▸ **YOUR INSTRUCTIONS**
Leaving pictures out, repeat word for word the line that has "Usado Peugeot 207" and each line that follows it to the end of the listing.

▸ **RECORDS SUPPLIED**
● ● ● ●

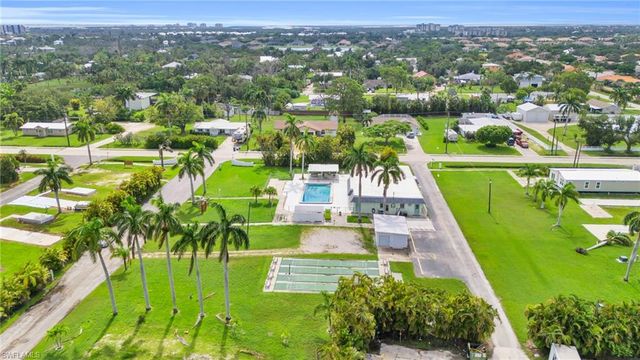 44 Dogwood WAY, Fort Myers, FL 33908
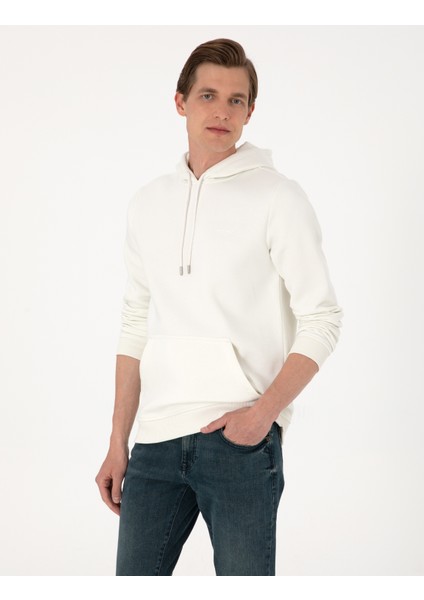 Erkek Beyaz 2 Iplik Regular Fit Içi Polarlı Kapüşonlu Basic Sweatshirt 50314055-VR013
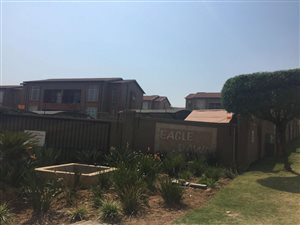 2 Bed Apartment in Honeydew Ridge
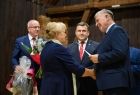Mężczyzna wręcza nagrodę kobiecie.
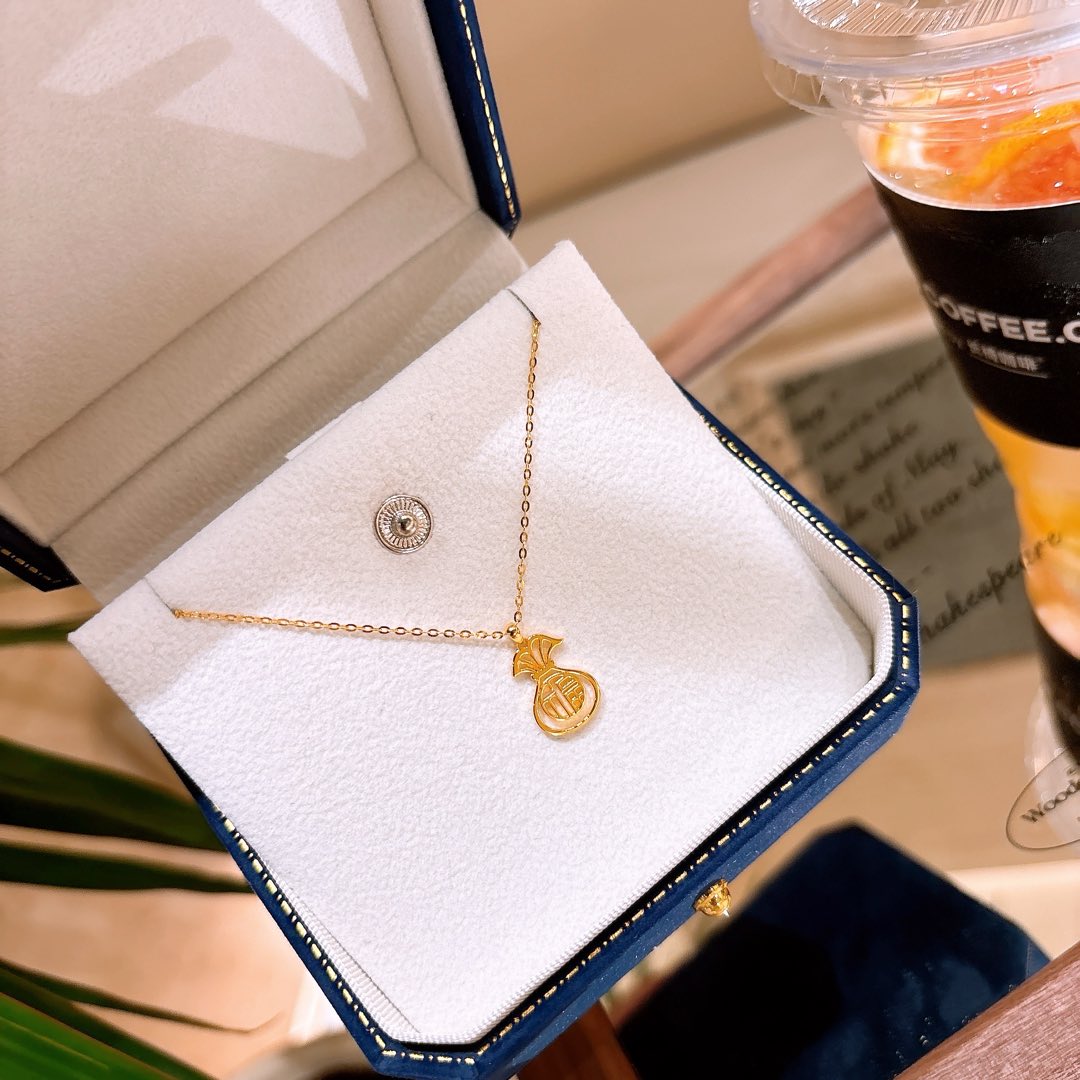 Fine Silver Necklace Light Luxury Wedding Registration Gold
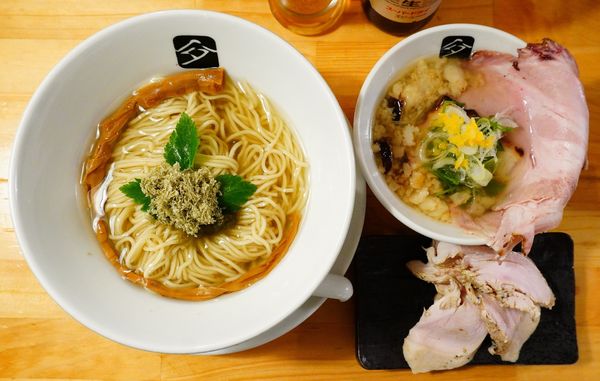 「特製豚つけ蕎麦＋鶏チャーシュー＋スーパードライ小瓶」@中華そば 髙野の写真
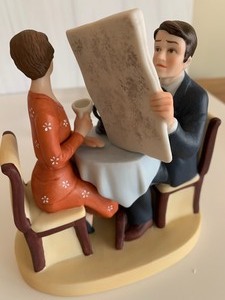 lot 43 image: Norman Rockwell Figurine The Danbury Mint-Breakfast Conversation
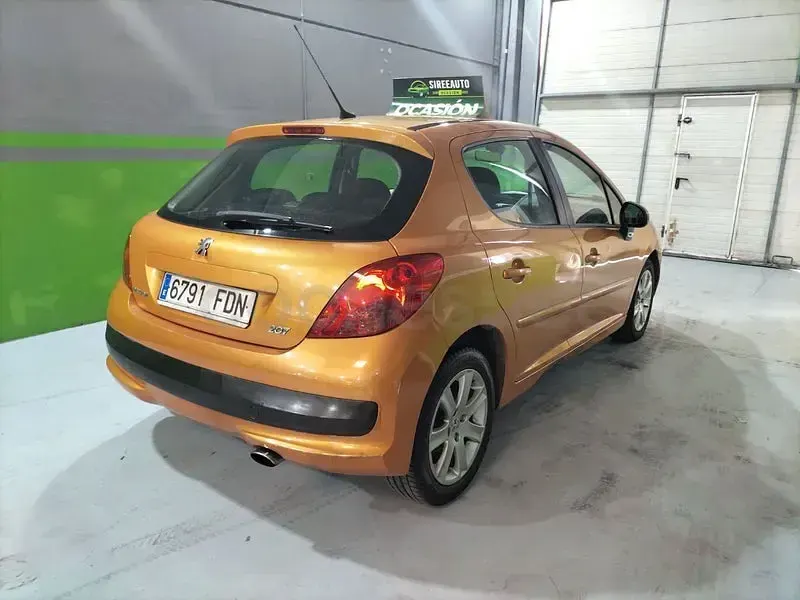 Usado Peugeot 207 90 CV (66 kW) 2007 Marrón Berlina
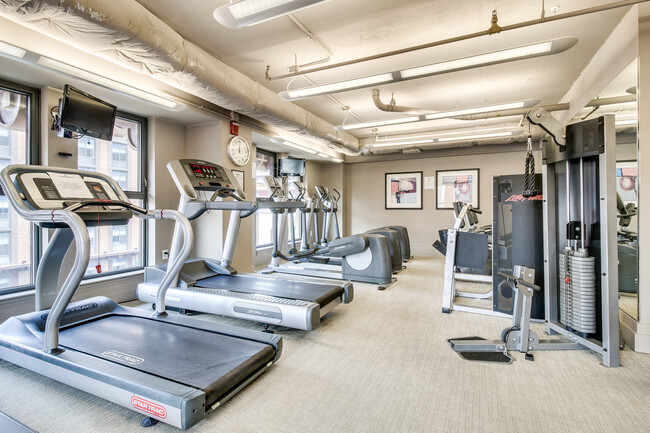 24/7 Gym - 777 7th St NW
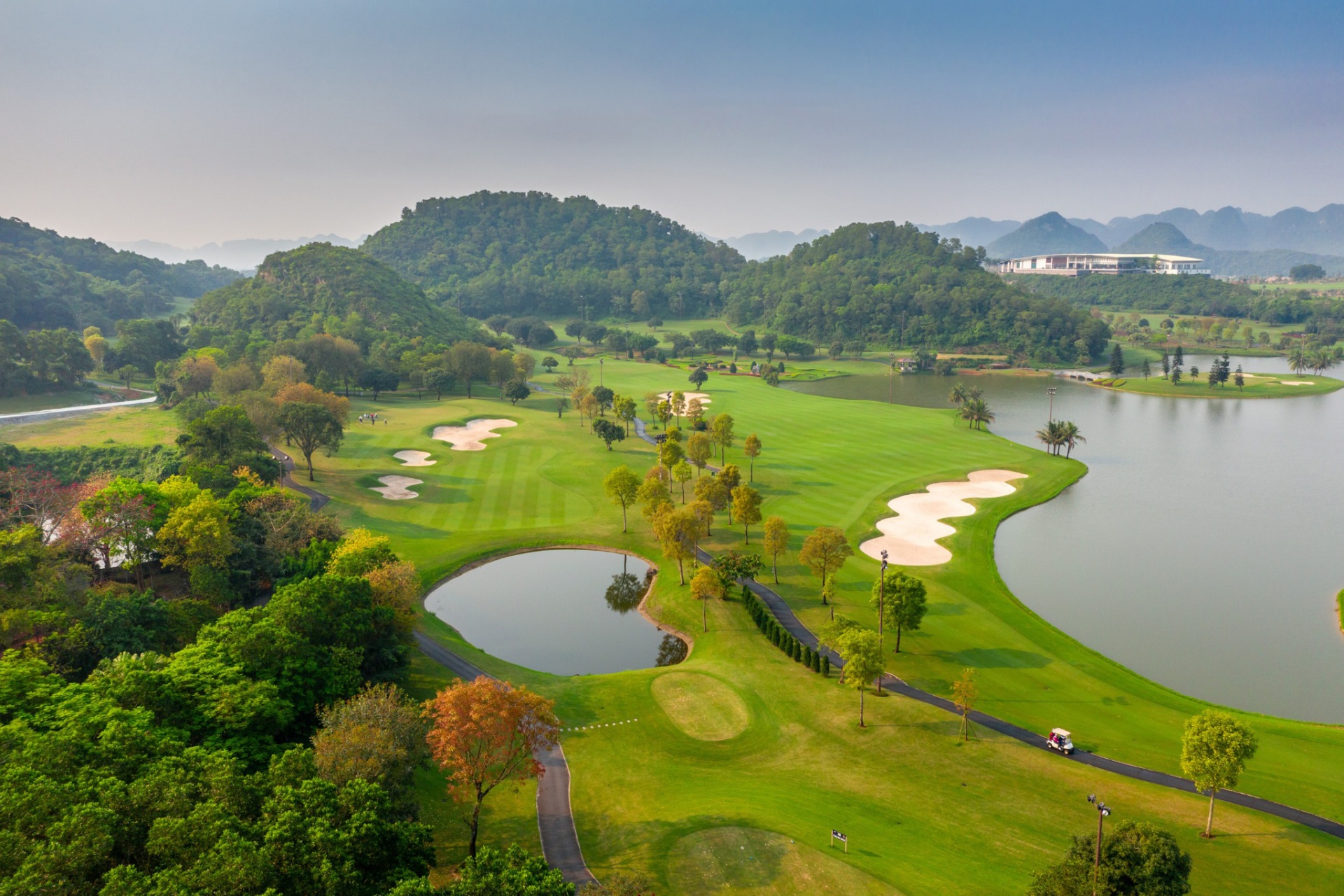 Sân golf Hồ Yên Thắng.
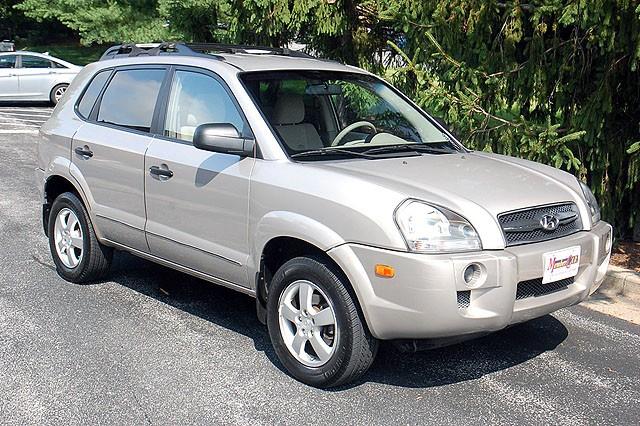2005 Hyundai Tucson S Sedan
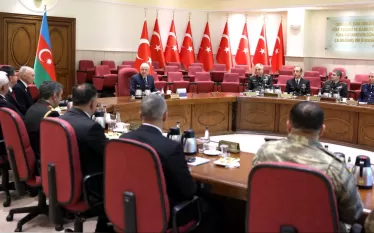 uı8ğj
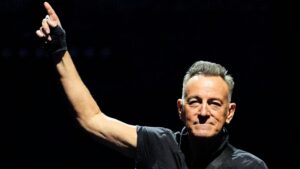 Bruce Springsteen volvió a utilizar su música como una herramienta de denuncia política y social con el lanzamiento de Calles de Mineápolis, una nueva canción de protesta en la que critica abiertamente a Donald Trump y a los operativos del Servicio de Inmigración y Control de Aduanas (ICE) en esa ciudad.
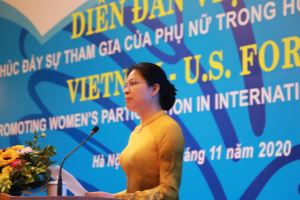 A Vietnam - U.S. Forum titled "Promoting Women's Participation in International Intergration" took place in Hanoi on November 24.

● ● ● ●

▸ **RESPONSE**
 Usado Peugeot 207 90 CV (66 kW) 2007 Marrón Berlina
 24/7 Gym - 777 7th St NW
 Sân golf Hồ Yên Thắng.
2005 Hyundai Tucson S Sedan
 uı8ğj
 Bruce Springsteen volvió a utilizar su música como una herramienta de denuncia política y social con el lanzamiento de Calles de Mineápolis, una nueva canción de protesta en la que critica abiertamente a Donald Trump y a los operativos del Servicio de Inmigración y Control de Aduanas (ICE) en esa ciudad.
 A Vietnam - U.S. Forum titled "Promoting Women's Participation in International Intergration" took place in Hanoi on November 24.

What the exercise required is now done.